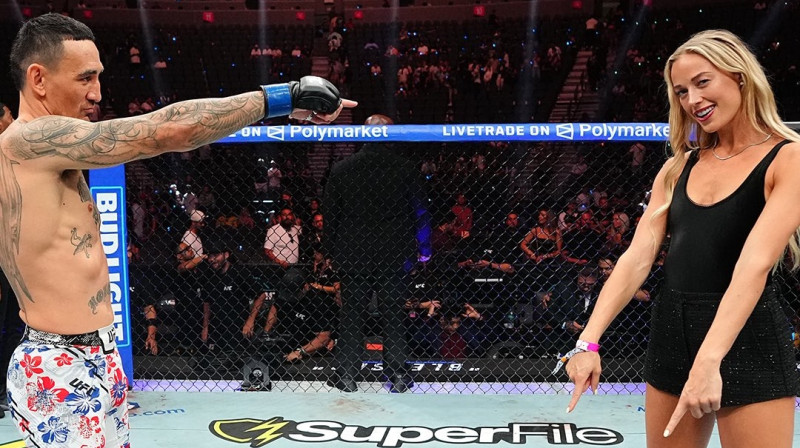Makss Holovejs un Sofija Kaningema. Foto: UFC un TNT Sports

--

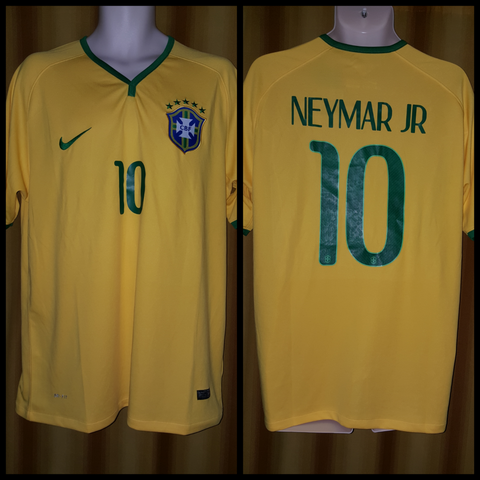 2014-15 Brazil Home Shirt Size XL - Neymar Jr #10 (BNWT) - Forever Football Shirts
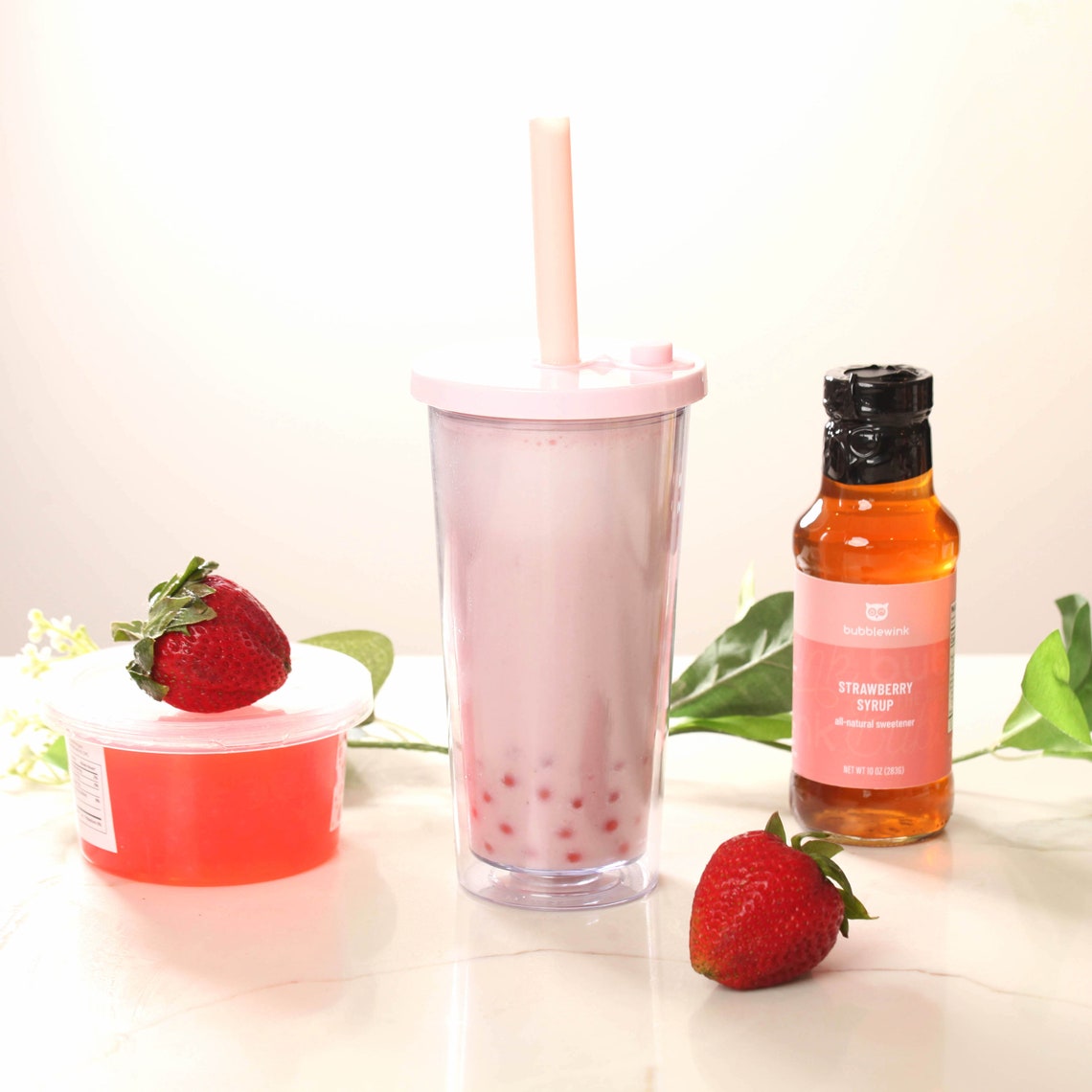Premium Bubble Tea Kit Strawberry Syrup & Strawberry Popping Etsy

## INSTRUCTIONS FOR THE TASK
Within the entries above, the lines from the one containing "2014-15 Brazil Home" through the one containing "Premium Bubble Tea" are to be transcribed exactly, ends included, pictures excluded.

## TASK RESULT
 2014-15 Brazil Home Shirt Size XL - Neymar Jr #10 (BNWT) - Forever Football Shirts
Premium Bubble Tea Kit Strawberry Syrup & Strawberry Popping Etsy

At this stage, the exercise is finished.